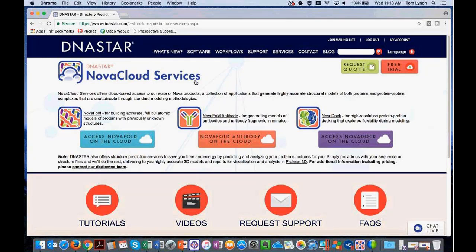NOVA Fold Antibody is for 3D structure prediction of antibody molecules — actual complexes between light and heavy chains. You can provide one or two sequences: model just the heavy or light chain, or both in complex. We support variable fragments, Fab fragments, and full heavy chains. For a single-chain variable fragment, we'd recommend using NOVA Fold rather than NOVA Fold Antibody at the current time, but we're bringing support for single-chain variable fragments in the coming months.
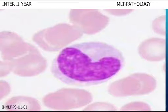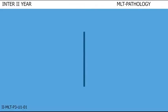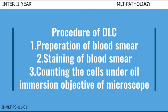This is the microscopic view of monocyte. The nucleus is kidney or bean shaped. Procedure of DLC: it has three steps. First, preparation of blood smear. Second, staining of blood smear. Third, counting the cells under oil immersion objective of microscope.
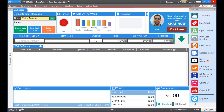Welcome to advanced training for CellSmart POS. In this video I'll be showing you four more things that will help you use CellSmart POS to run your store more efficiently. The first is going to be repairs.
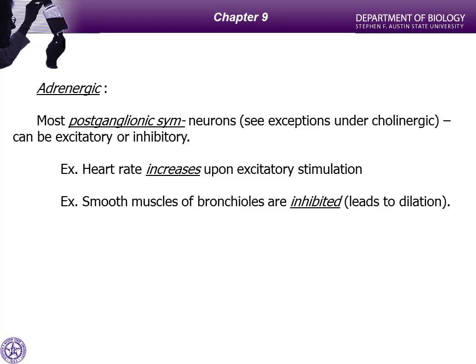In our autonomic nervous system we also use catecholamines, and in particular norepinephrine, which leads us to adrenergic receptors. Most postganglionic neurons in the sympathetic division are going to be adrenergic. Adrenergic receptors are also largely G protein-linked, so they can be either excitatory or inhibitory depending on the downstream ion affected. For norepinephrine-stimulated cardiac tissue, stimulating those receptors is going to increase the heart rate.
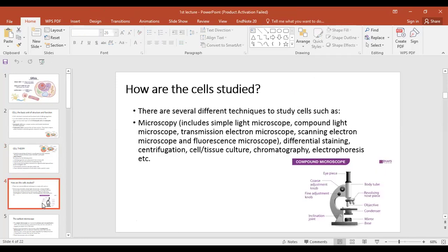To study a cell — to know that a cell has DNA, chromosomes, nucleus, and ribosomes — we use certain techniques. Just as a surgeon requires surgical instruments, a biologist studying cells needs specific tools and laboratory techniques.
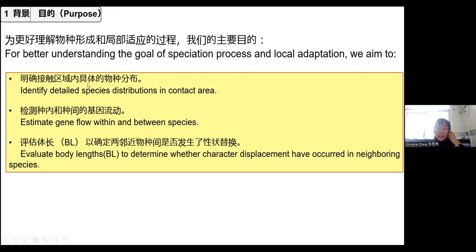So we want to better understand the situation in the contact area. Our research goals are to better understand the speciation process and local adaptation, to identify detailed species distribution, to review gene flow within these two different species, and to evaluate the body length (BL) to determine whether character displacement has occurred in these closely related species.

----------

■ ABOUT THIS TASK:
In the listing above, find the line holding "This is the" and the line holding "Welcome to advanced". Reproduce those two lines and all between them exactly, leaving out pictures.

■ EXERCISE RESPONSE:
This is the microscopic view of monocyte. The nucleus is kidney or bean shaped. Procedure of DLC: it has three steps. First, preparation of blood smear. Second, staining of blood smear. Third, counting the cells under oil immersion objective of microscope.
Welcome to advanced training for CellSmart POS. In this video I'll be showing you four more things that will help you use CellSmart POS to run your store more efficiently. The first is going to be repairs.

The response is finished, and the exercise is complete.